Evaluation of myeloid cell suppression related to cancer cell released products (TUM4P.913)

Abstract

Abstract Dendritic cells (DCs) and macrophages may recognize tumor antigens and initiate an antitumoral response before and after the formation of tumor mass. However, the secretion of cytokines and factors that inhibit myeloid cells is a mechanism used by tumor cells to escape from immune attack. Our aim was to understand how tumor cells modulate the generation of murine macrophages and human DCs. For this, we collected bone marrow cells from C57Bl/6 mice and differentiated with M-CSF in the presence of 3LL (Lewis lung carcinoma) or MN/MCA (fibrosarcoma) supernatants.

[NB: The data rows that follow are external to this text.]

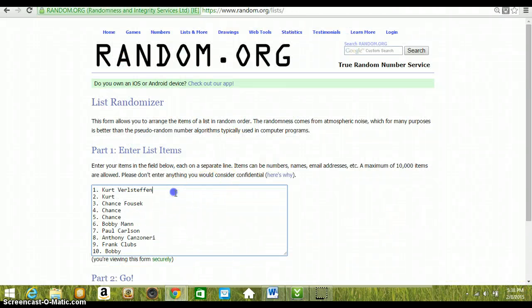Over to that list, I copied and pasted over. We've got Kurt with two, Chance with three, Bobby, Paul, Anthony, Frank, and Bobby.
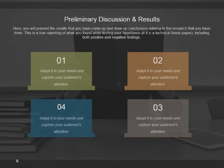After the limitations, focus on preliminary discussion and results in one slide to capture your audience's attention. Present the results you have come up with and draw conclusions relating to the research you have done. This is a true reporting of what you found while testing your hypothesis, including both positive and negative findings.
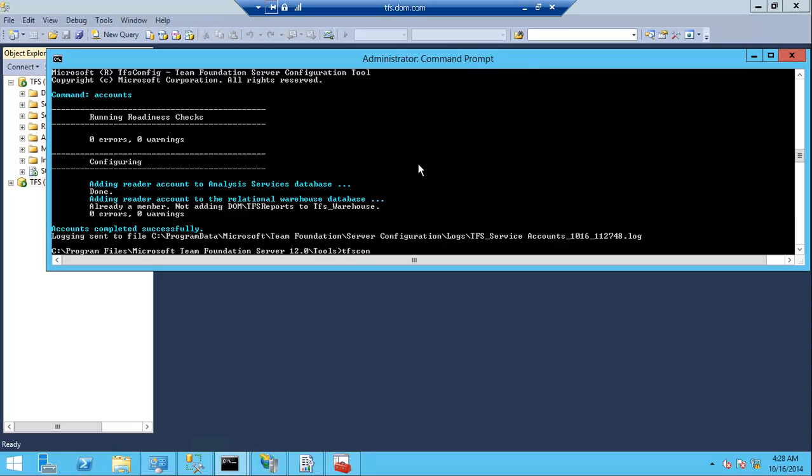The last command is to run TFS config unregister database. Then SQL instance will be the default instance, which is TFS, and the database name will be TFS_configuration.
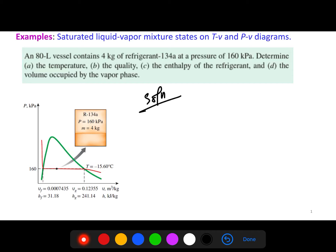The key challenge here is that we do not know whether this system is in the compressed liquid, superheated vapor, or saturated mixture state. We need to determine that from the given conditions by comparing with suitable property values for saturated liquid and saturated vapor.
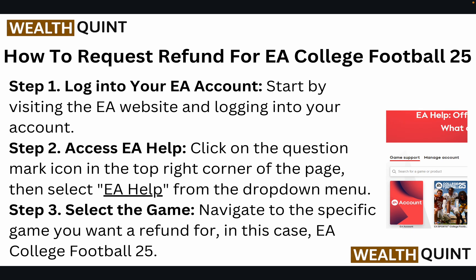Step one is to log into your EA account. Start by visiting the EA website and log into your account.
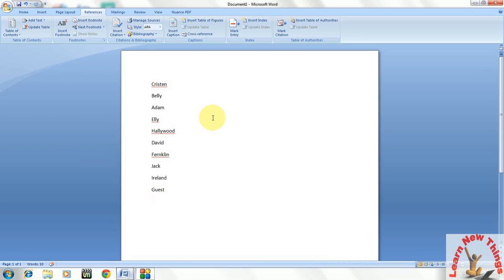Hey guys, this is MJ and here I am going to show you how to sort in ascending or descending order your words in MS Word 2007 or 2003.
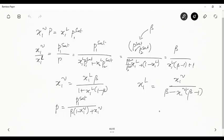Using these expressions, if I know X1V and X2V, I can calculate X1L and X2L, and vice versa, given that beta is a function only of temperature. That is how we calculate the compositions of the two phases.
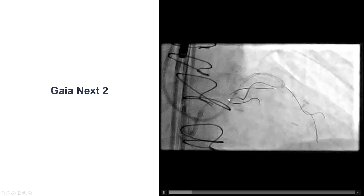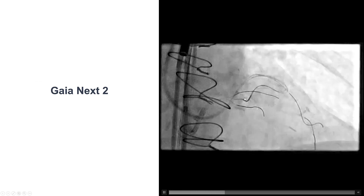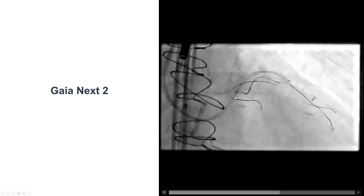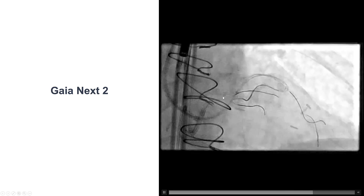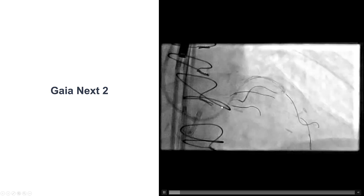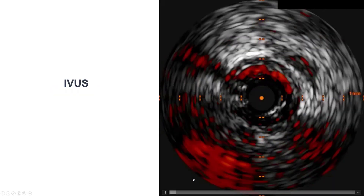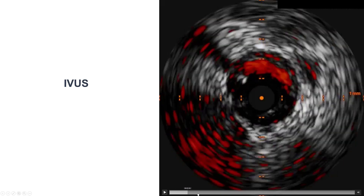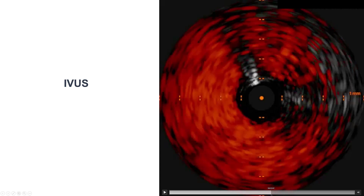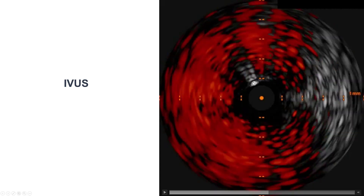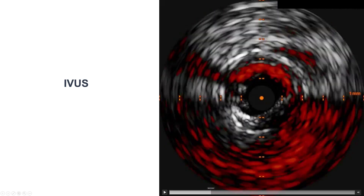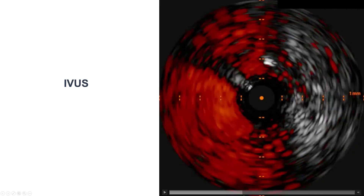We then did antegrade wire escalation with a Gaia-NX2. There was some difficulty with advancement; however, with persistent effort there was some forward movement of the guide wire. The lesion actually appeared to be shorter than we had initially thought, and we can see the wire seems to make some progress. We did intravascular ultrasound to determine whether we had crossed into the true lumen or extraplaque, which is very important in cases like this, and what was found is that actually the wire was into the true lumen, and the entry point was into the left main without extraplaque component.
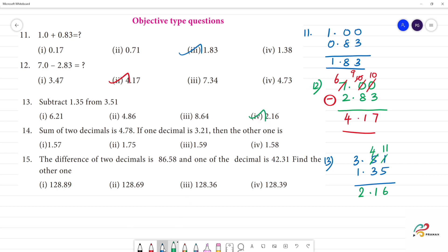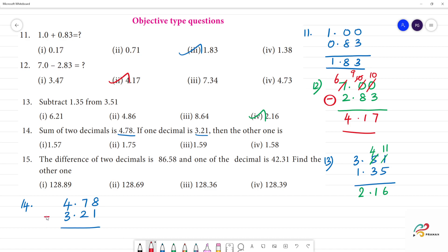Next, 14th one: the sum of 2 decimals is 4.78. If one decimal is 3.21, find the other decimal. That is 4.78 minus 3.21. If you subtract: 8 minus 1 is 7, 7 minus 2 is 5, 4 minus 3 is 1. Answer is 1.57 — so option 1 is the answer.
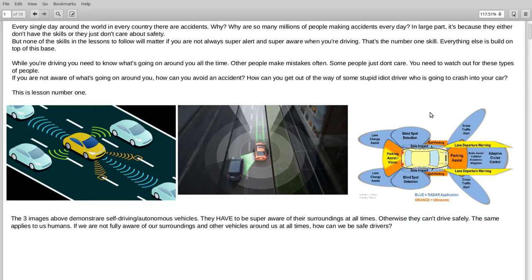The three images above demonstrate self-driving autonomous vehicles. They have to be super aware of their surroundings at all times. Otherwise, they cannot drive safely. The same applies to us humans. If we are not fully aware of our surroundings and other vehicles around us at all times, how can we be safe drivers?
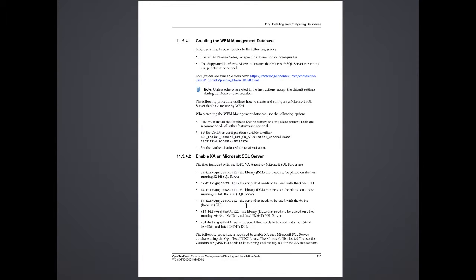Hi, this is a quick video to show you how to set up Microsoft SQL Server for an installation of Web Experience Management 10.5. I'm using the document entitled Planning and Installation Guide for WEM 10.5, and in Chapter 11, there's a section on enabling XA on Microsoft SQL Server.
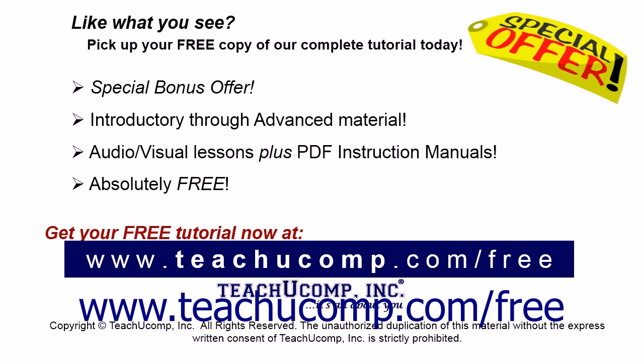Like what you see? Pick up your free copy of the complete tutorial at www.teachyoucomp.com/free.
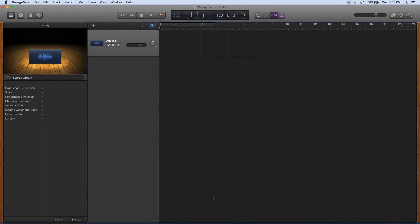Welcome to Logic Pro Tips in under five minutes with Ripple Training. I'm Mary Plummer and I'm going to show you a few tricks for getting yourself from GarageBand into Logic Pro 10.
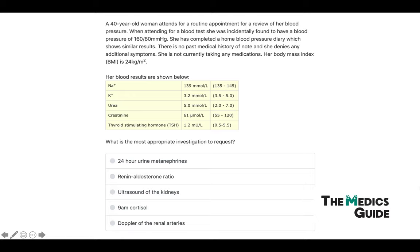Looking at the blood results: sodium is normal, potassium is low, urea and creatinine are normal, and TSH is also normal — so we've just got hypokalemia. Breaking this down, we've got a middle-aged woman with high blood pressure and hypokalemia. Whenever we see hypertension and hypokalemia together, we should always think of conditions like primary hyperaldosteronism. The first investigation to check is the renin and aldosterone ratio.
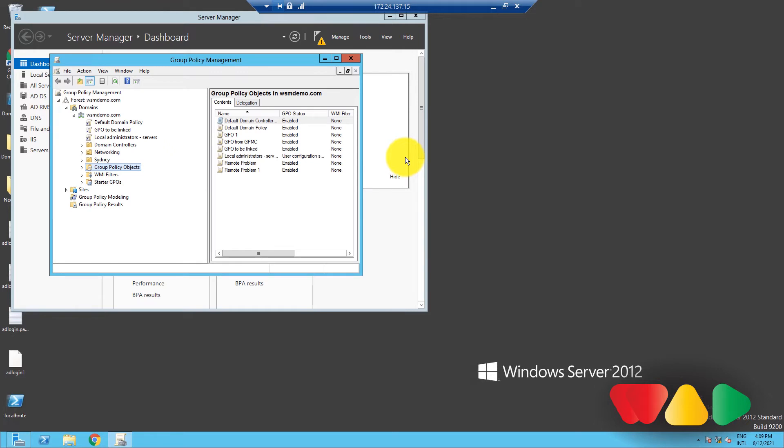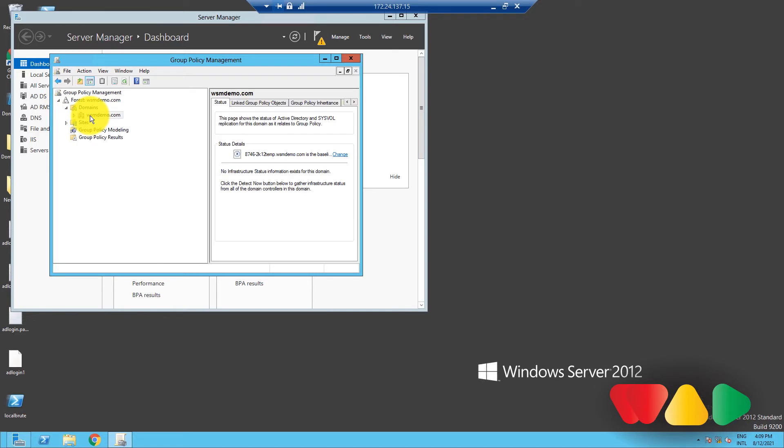In the left pane here, expand the forest, and then the domains. Let's choose this domain to set the password policies. Double-click on the domain to reveal the GPO's linked to it.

Some cells were activated with IFN-γ and LPS to obtain M1 macrophages or IL-4 to M2. Data showed increased expression of arginase-1 mRNA in macrophages differentiated with MN/MCA supernatant and it happened both in M1 and M2. About 20% of cells proliferate in the presence of supernatants, even in the absence of M-CSF and they express higher level of CD16. Moreover, we differentiated human DCs from monocytes with IL-4 and GM-CSF in the presence of K562 (chronic myeloid leukemia) supernatants. TNF-α was added to activate the cells. It was observed higher percentage of cells expressing CD80 when the differentiation was done with K562 supernatant. Higher secretion of IL-10 and lower production of IL-12 were found in cells differentiated with K562 supernatant and later activated. Therefore, the development and function of macrophages and DCs are affected by tumor products and both cells present some suppressive features.